L’inaugurazione dell’anno giudiziario a Torino si è chiusa con una protesta degli avvocati. Per “ragioni di tempo” non è stato consentito al presidente della Camera penale “Vittorio Chiusano” del Piemonte occidentale, Roberto Capra, di leggere il suo intervento, e i penalisti presenti hanno immediatamente abbandonato in blocco l’aula magna del Palazzo di giustizia. Nell’atrio dell’edificio, Capra ha osservato che “alle tre associazioni in rappresentanza della magistratura è stato consentito di parlare”. Quindi ha letto pubblicamente il suo discorso, dedicato al referendum sulla separazione delle carriere.

“Qualcuno – è un passaggio del discorso di Capra – ha deciso di abdicare di fronte alle complessità e alle verità sottese alla riforma in nome della prospettiva di conservare sacche di potere. Non riesco a pensarla diversamente davanti alle pillole pubblicitarie del partito della maggioranza oggi al governo che invocano il Sì esaltando, per esempio, una presunta contrapposizione tra le forze dell’ordine e la magistratura nel mantenimento dello stato di detenzione dopo un arresto per un qualsiasi reato. E non riesco a pensarla diversamente davanti ai manifesti dell’Anm che mirano a stravolgere gli obiettivi della riforma, ponendo al cittadino una domanda impropria: “Vorresti i giudici che dipendono dalla politica?” e dando una risposta perlomeno equivoca, per non dire falsa: “Con la legge Nordio i politici vogliono controllare el decisioni dei

magistrati”, La critica comune a queste deleterie forme di propaganda mi fa pensare di essere davanti a due formazioni sociali analoghe, due formazioni politiche che hanno l’obiettivo di gestire el cose di tutti attraverso la conservazione del potere”. Capra ha sottolineato che separare le carriere di giudici e pm significa soltanto “rendere migliore” l’ordinamento “completando il percorso verso il giusto processo”. L’avvocato ha poi elencato una serie di “no”, uno dei quali “alla lotta tra i poteri e gli ordini del nostro Stato, che stanno percorrendo strade pericolose, connotate da tentativi progressivi di erodere spazi e confini che non spettano loro”; e anche “all’idea, che qualcuno prospetta, che la prossima primavera, dopo il 23 marzo si tirerà una linea e si valuterà chi era con noi e chi era contro di noi”. “Per tutto il resto –ha concluso – voterò convintamente Sì”.

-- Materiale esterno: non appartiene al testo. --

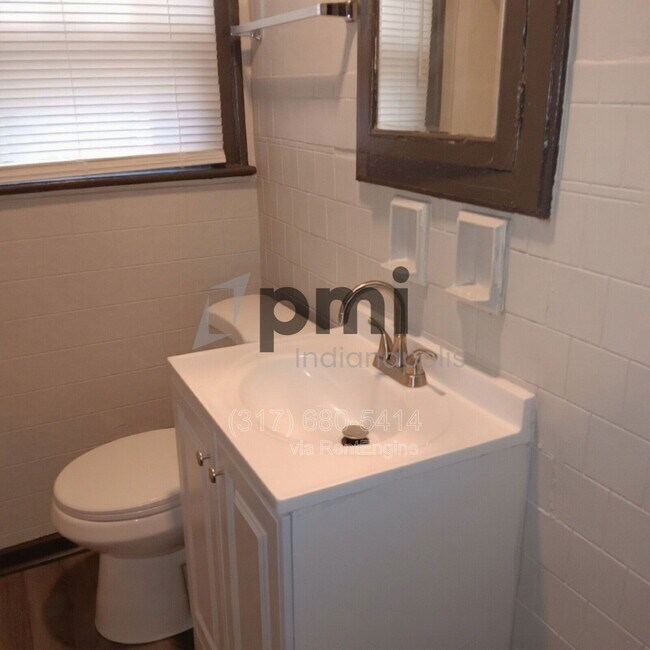 Foto del edificio - 1619 S Randolph St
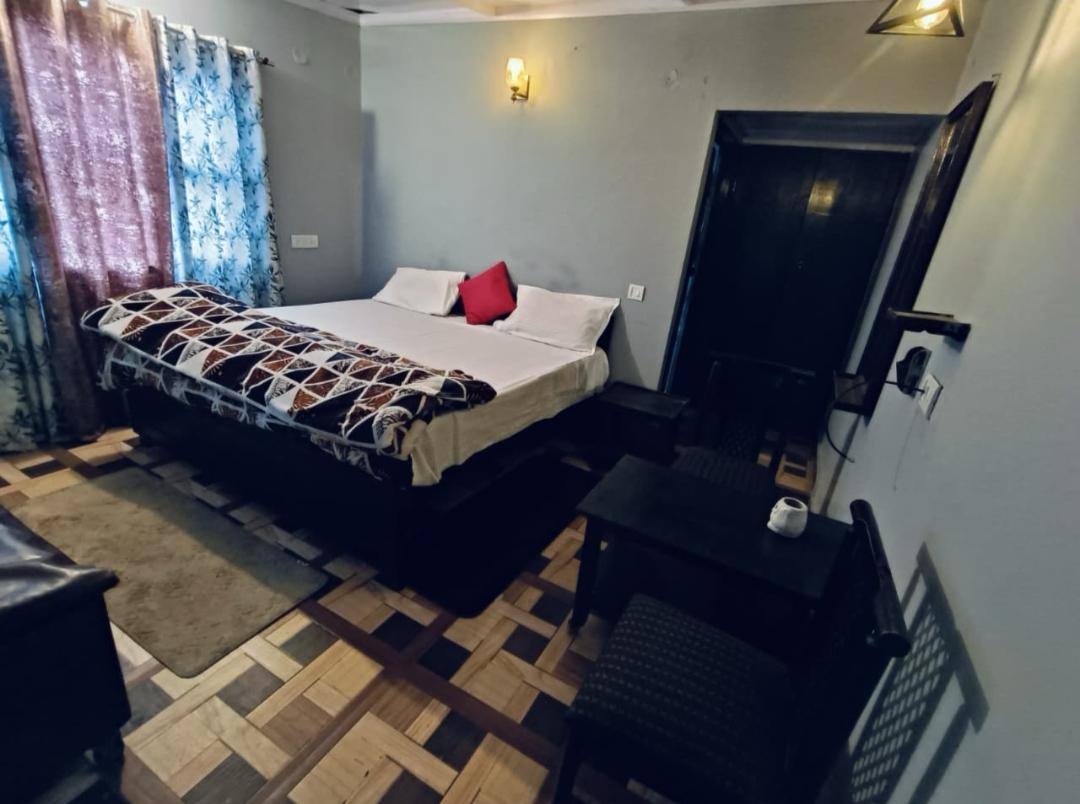 Kanishka Hotel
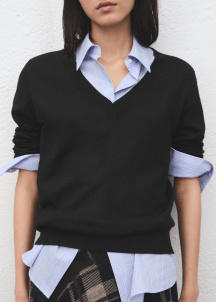 Плетен пуловер с V-образно деколте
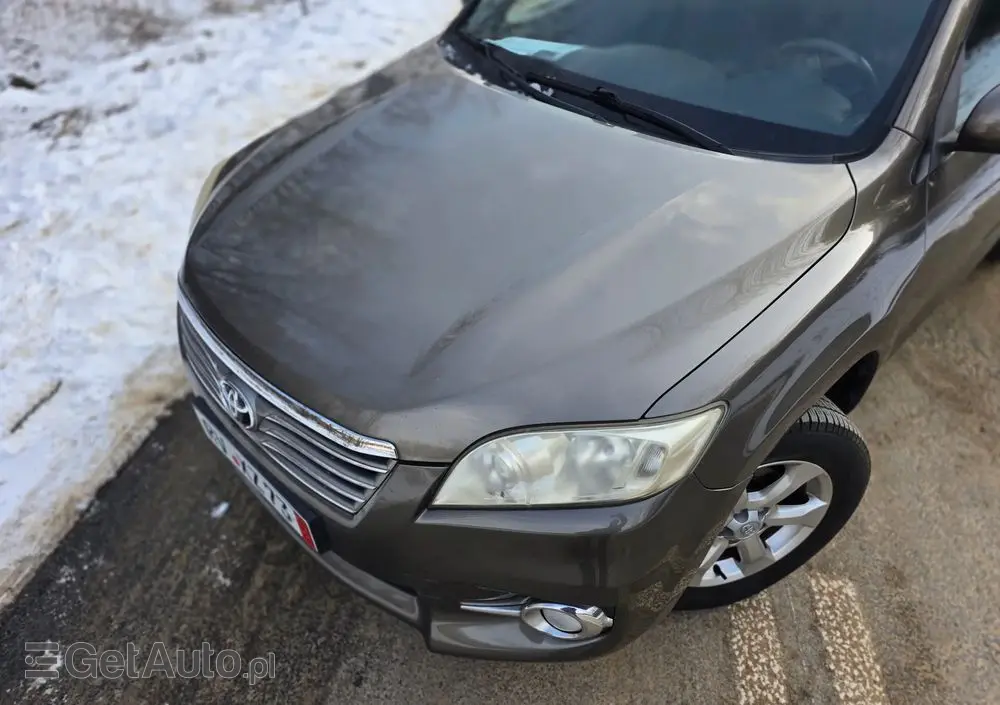 TOYOTA RAV4 2.2 D-4D 4x4 Sol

A chiusura dell’evento arriva la nota dei penalisti. “La cerimonia si è chiusa con la decisione della presidente della Corte d’Appello di non far prendere la parola al presidente della Camera Penale – si legge – al pari di altri soggetti che avevano ritualmente richiesto di intervenire. Al di là della sgrammaticatura istituzionale, già di per sé inaccettabile, non può non rilevarsi come sia stato, al contrario, consentito alla rappresentante della giunta locale di Anm di prendere la parola in una delicata fase storica nella quale, ovviamente, il tema del referendum per la riforma costituzionale e la vivace campagna elettorale in corso rappresentano terreno inevitabile di confronto. Non solo, ma il diniego a intervenire si è consumato dopo che nei discorsi della presidente della Corte d’Appello, del procuratore generale e del rappresentante del Csm si erano espressi chiaramente pareri contrari alla riforma. I membri della Camera Penale presenti hanno, dunque, deciso di abbandonare l’aula magna del Palazzo di Giustizia di Torino in segno di profondo disaccordo verso la decisione di non consentire di intervenire, anche nell’ottica del declinarsi di una par condicio sostanziale il cui rispetto si deve pretendere dalle istituzioni. La cerimonia dell’inaugurazione dell’anno giudiziario, al pari del Palazzo di Giustizia, sono patrimoni comuni, non certamente soltanto della magistratura che, invero, non raramente, sembra non comprendere tale insuperabile condizione”.